## Work instructions
In this exercise, return only the lines that run from the line with "Fiel a la bandera, la" to the end of the entries below, both included. Pictures are not copied.

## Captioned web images
◇ ◇ ◇

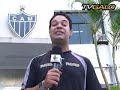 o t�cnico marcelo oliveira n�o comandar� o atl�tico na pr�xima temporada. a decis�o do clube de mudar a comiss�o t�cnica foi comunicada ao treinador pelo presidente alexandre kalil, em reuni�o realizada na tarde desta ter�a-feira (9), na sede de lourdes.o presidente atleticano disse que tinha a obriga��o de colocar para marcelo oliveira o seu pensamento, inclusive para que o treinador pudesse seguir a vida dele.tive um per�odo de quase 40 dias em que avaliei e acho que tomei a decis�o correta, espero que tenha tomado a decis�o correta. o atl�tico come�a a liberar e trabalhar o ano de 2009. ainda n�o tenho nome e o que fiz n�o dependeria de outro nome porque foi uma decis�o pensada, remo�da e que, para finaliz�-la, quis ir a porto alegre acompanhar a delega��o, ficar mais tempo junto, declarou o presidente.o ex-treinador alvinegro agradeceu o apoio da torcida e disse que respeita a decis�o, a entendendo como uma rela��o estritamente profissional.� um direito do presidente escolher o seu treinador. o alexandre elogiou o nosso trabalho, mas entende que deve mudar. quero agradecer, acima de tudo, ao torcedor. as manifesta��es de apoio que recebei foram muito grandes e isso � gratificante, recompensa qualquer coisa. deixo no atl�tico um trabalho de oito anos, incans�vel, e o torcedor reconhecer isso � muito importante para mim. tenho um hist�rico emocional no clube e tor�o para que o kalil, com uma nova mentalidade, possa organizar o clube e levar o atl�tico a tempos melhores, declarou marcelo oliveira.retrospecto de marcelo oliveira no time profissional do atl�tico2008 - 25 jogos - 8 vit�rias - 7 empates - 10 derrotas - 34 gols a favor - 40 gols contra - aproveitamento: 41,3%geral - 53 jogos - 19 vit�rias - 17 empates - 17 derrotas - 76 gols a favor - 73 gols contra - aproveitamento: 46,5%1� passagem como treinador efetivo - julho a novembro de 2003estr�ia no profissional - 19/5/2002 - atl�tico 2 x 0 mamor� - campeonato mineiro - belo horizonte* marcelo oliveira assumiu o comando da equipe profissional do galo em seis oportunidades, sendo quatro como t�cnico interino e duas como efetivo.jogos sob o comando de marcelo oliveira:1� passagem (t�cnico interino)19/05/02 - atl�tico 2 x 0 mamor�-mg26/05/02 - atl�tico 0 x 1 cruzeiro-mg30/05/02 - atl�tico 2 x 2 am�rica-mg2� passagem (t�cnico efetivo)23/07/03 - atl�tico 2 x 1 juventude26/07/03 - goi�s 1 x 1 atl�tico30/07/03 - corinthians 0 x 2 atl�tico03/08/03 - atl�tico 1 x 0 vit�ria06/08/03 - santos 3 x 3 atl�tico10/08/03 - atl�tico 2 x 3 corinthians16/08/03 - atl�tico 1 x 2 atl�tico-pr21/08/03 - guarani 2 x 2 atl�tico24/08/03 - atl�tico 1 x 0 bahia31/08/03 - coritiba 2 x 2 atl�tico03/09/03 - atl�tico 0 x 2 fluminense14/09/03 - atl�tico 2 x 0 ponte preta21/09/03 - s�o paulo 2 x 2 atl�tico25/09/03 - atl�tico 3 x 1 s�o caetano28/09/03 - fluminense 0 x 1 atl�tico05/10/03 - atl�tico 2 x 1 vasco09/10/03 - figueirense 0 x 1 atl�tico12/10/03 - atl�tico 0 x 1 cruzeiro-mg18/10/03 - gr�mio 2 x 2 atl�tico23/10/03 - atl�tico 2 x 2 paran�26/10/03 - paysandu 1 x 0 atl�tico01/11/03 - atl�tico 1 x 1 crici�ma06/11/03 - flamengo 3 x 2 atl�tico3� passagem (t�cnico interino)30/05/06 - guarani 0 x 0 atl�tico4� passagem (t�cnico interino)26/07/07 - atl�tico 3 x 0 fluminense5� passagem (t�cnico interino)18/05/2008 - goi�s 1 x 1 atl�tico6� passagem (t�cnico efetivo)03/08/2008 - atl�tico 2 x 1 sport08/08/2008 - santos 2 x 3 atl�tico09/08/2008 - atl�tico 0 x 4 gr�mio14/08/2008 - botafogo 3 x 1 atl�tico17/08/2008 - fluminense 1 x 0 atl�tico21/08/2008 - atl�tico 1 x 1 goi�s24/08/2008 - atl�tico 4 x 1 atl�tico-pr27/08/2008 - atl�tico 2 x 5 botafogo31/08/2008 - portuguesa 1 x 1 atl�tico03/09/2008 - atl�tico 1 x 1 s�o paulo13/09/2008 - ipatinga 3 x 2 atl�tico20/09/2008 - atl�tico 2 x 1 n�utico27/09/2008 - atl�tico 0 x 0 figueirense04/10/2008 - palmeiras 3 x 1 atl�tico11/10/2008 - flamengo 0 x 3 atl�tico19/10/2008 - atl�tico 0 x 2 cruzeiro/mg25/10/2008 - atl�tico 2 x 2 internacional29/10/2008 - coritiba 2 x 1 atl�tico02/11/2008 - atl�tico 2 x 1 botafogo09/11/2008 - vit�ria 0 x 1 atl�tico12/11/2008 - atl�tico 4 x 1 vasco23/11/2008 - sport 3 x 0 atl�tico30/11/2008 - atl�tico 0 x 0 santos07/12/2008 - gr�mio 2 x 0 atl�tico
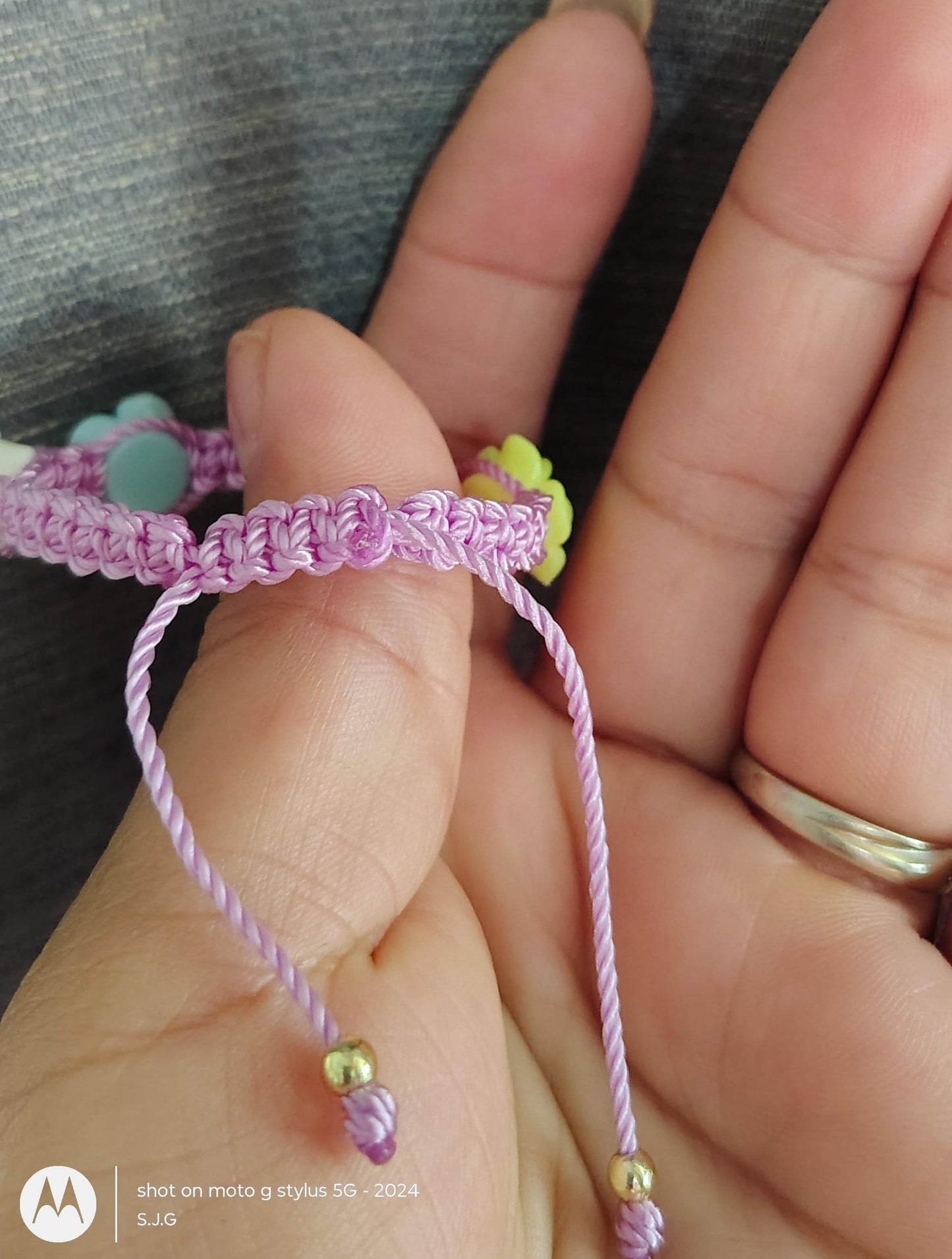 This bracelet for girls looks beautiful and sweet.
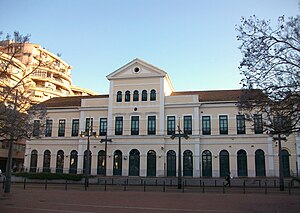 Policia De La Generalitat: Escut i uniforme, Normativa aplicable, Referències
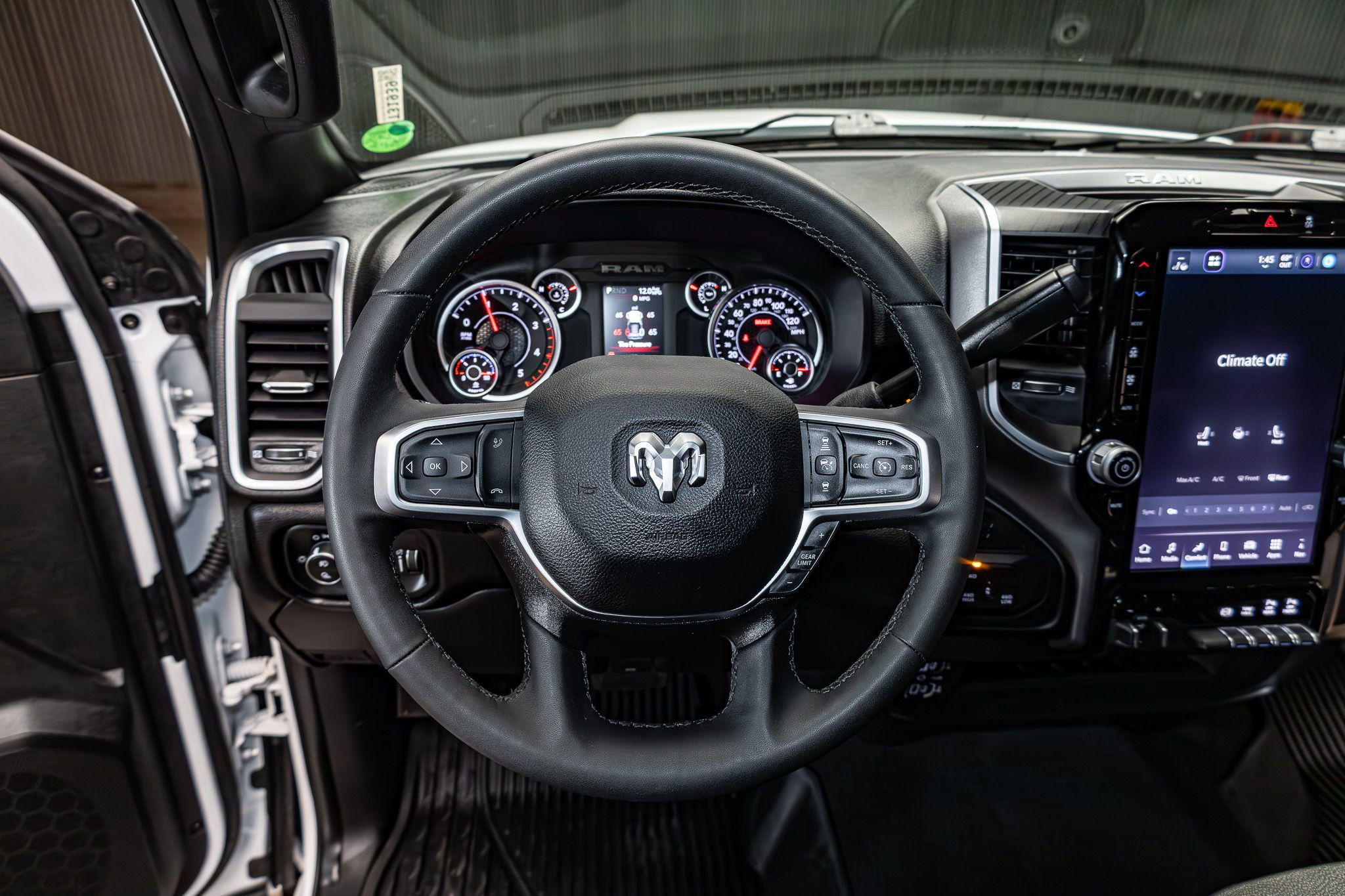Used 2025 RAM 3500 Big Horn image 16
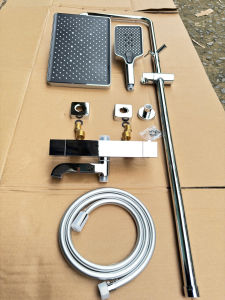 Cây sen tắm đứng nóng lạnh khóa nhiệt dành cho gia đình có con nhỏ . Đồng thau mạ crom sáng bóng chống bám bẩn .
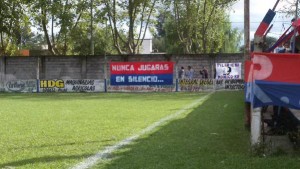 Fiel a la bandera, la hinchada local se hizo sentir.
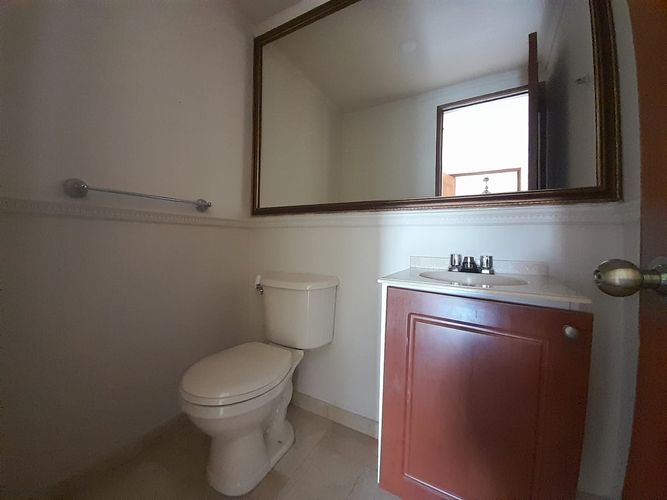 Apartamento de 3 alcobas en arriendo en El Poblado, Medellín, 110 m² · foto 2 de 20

◇ ◇ ◇

## Response below
 Fiel a la bandera, la hinchada local se hizo sentir.
 Apartamento de 3 alcobas en arriendo en El Poblado, Medellín, 110 m² · foto 2 de 20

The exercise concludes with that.